### TASK OBJECTIVE
Here, set down only the lines between the line that contains "view of patio featuring ceiling fan" and the final line of the material, both included, exactly as written. Skip the pictures.

### RECORDS PROVIDED
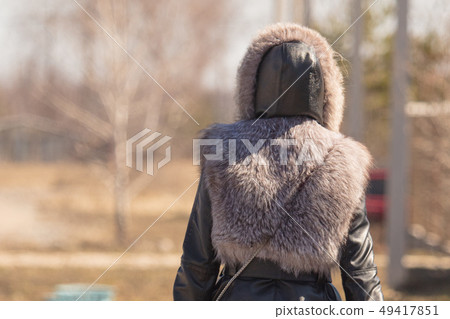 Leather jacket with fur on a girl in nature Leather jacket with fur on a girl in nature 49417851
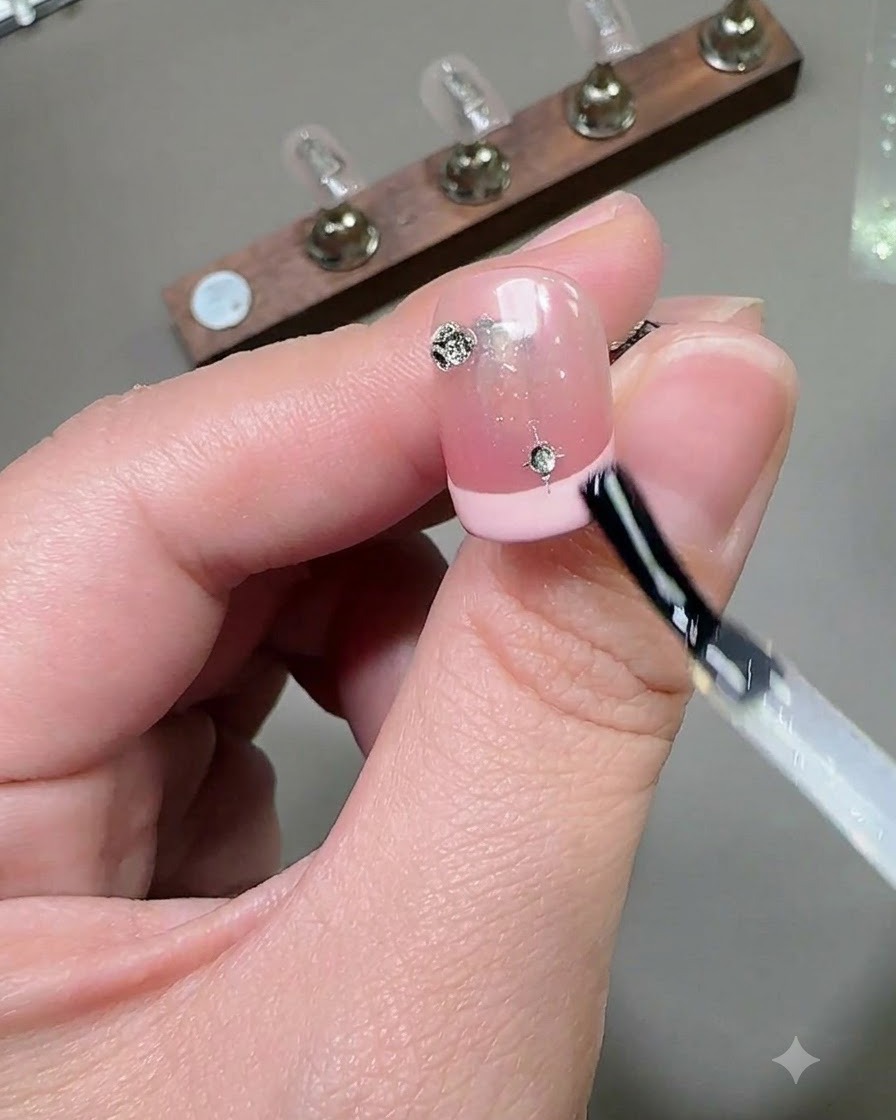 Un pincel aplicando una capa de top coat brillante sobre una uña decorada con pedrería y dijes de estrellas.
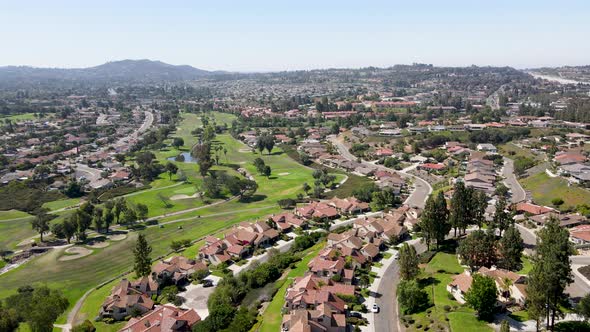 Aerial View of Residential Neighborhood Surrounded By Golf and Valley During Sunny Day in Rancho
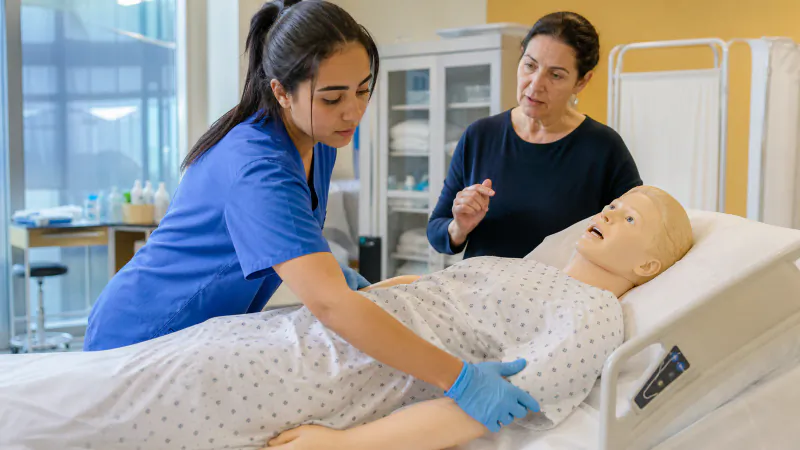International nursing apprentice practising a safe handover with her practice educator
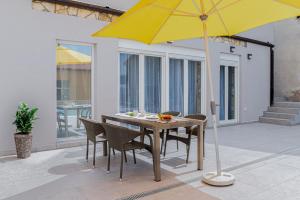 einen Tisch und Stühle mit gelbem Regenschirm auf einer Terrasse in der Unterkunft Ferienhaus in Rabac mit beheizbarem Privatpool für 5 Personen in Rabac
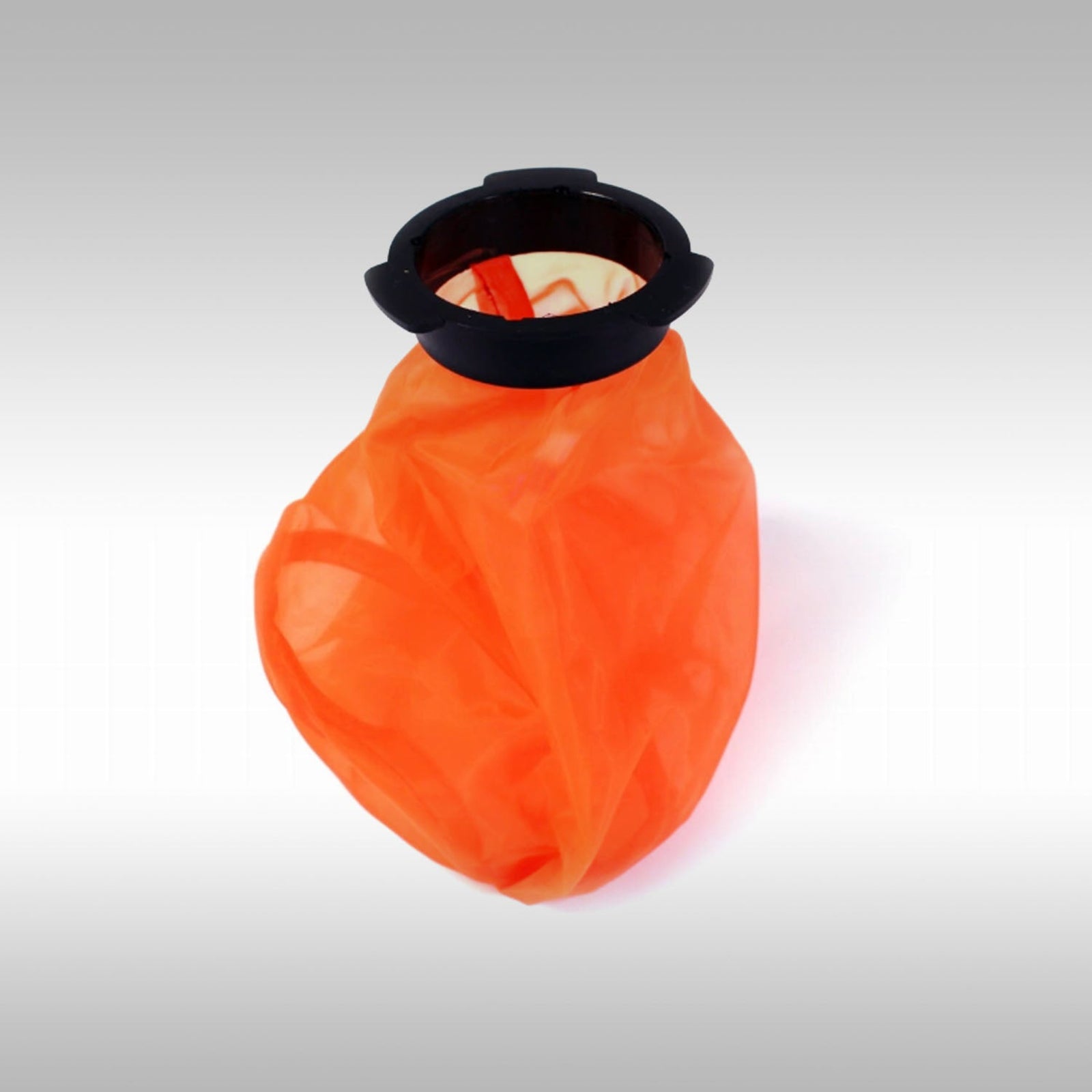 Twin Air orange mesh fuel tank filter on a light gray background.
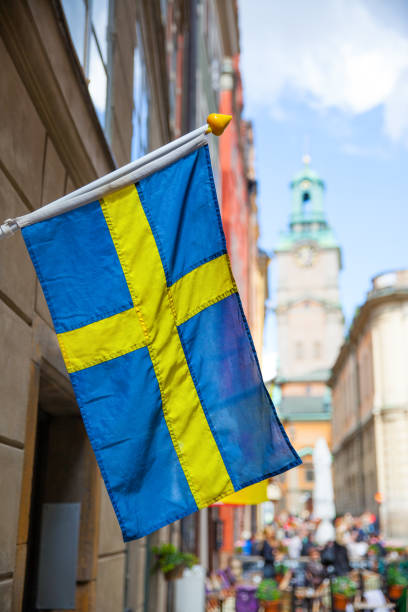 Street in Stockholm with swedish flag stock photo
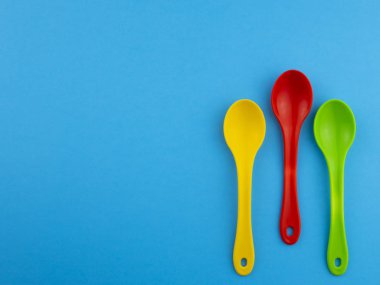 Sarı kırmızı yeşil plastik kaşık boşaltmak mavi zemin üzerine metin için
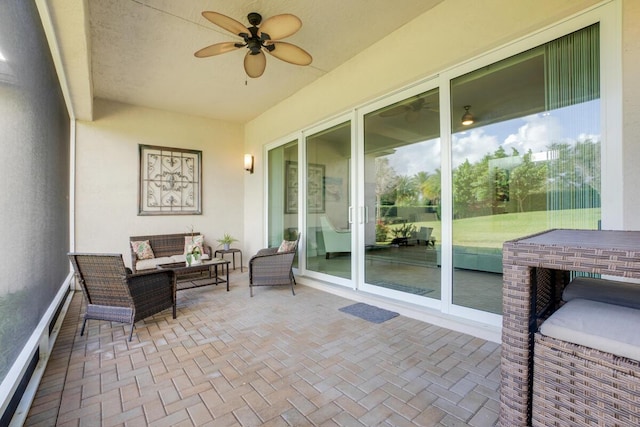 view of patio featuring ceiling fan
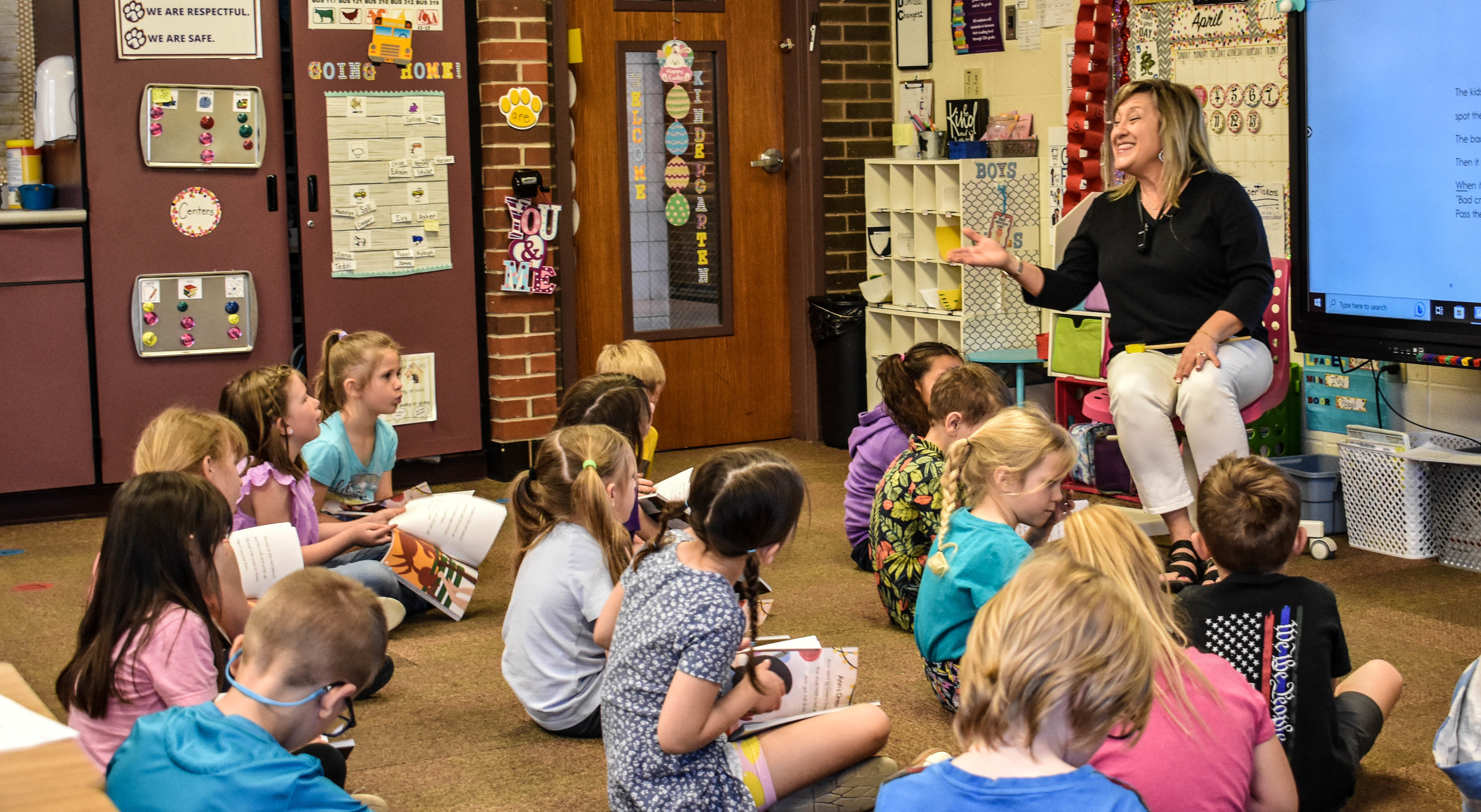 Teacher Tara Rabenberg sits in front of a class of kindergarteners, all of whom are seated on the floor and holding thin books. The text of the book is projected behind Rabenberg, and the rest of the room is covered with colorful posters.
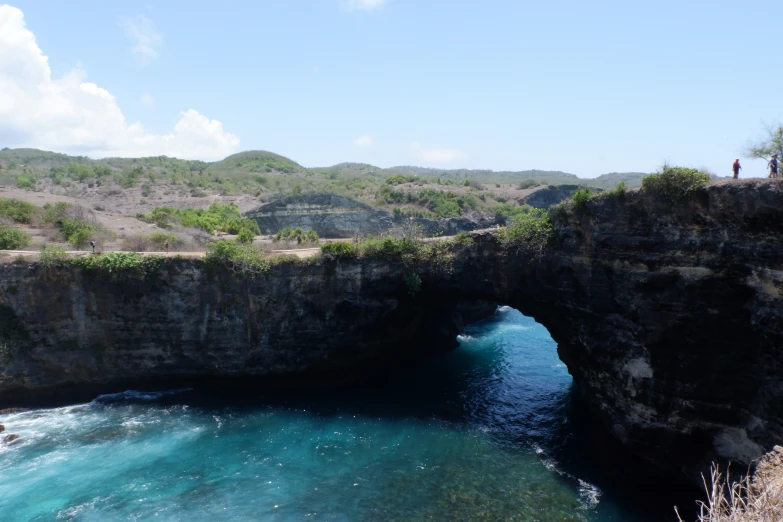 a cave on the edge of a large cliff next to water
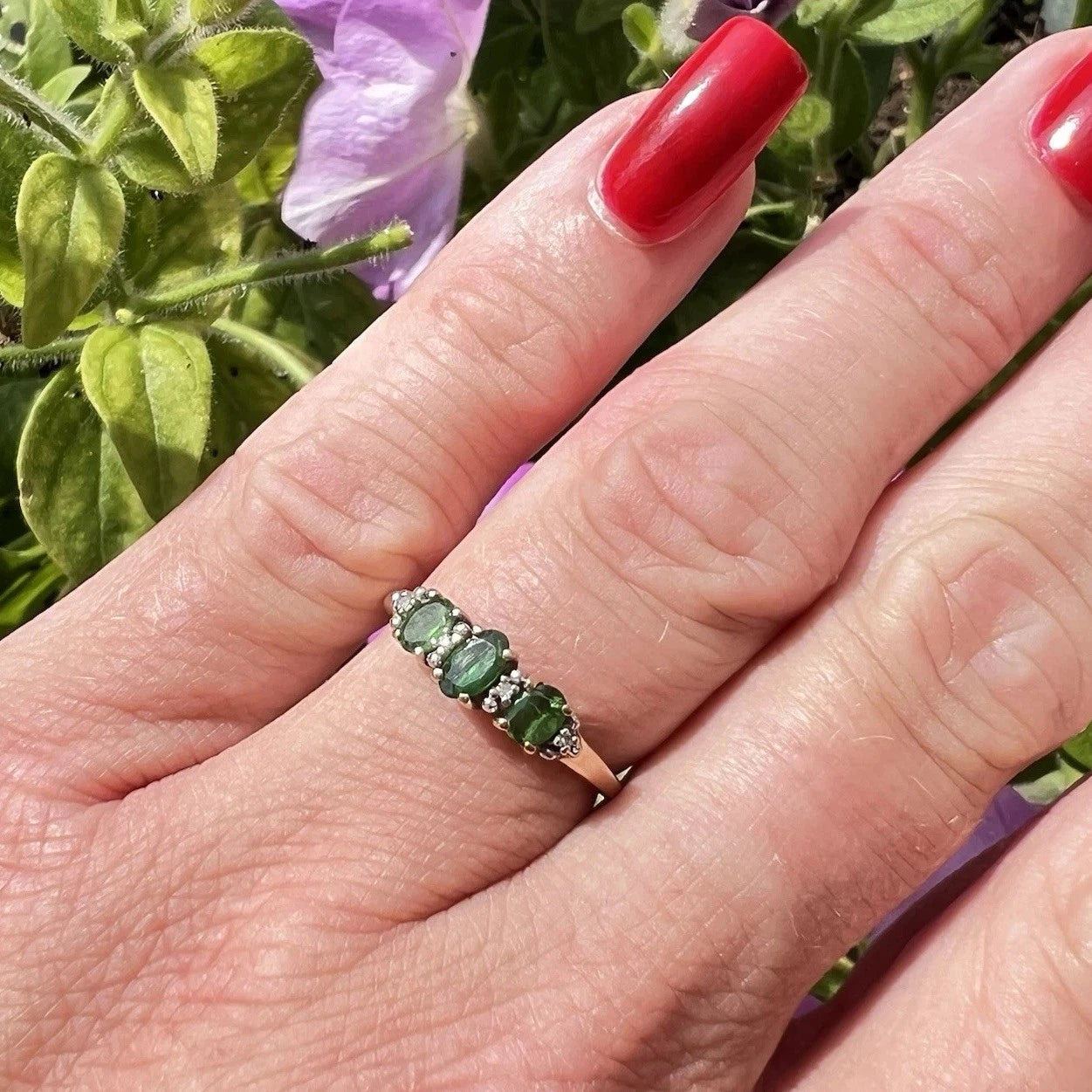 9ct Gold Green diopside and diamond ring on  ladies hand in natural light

### EXERCISE OUTPUT
 view of patio featuring ceiling fan
 Teacher Tara Rabenberg sits in front of a class of kindergarteners, all of whom are seated on the floor and holding thin books. The text of the book is projected behind Rabenberg, and the rest of the room is covered with colorful posters.
 a cave on the edge of a large cliff next to water
 9ct Gold Green diopside and diamond ring on  ladies hand in natural light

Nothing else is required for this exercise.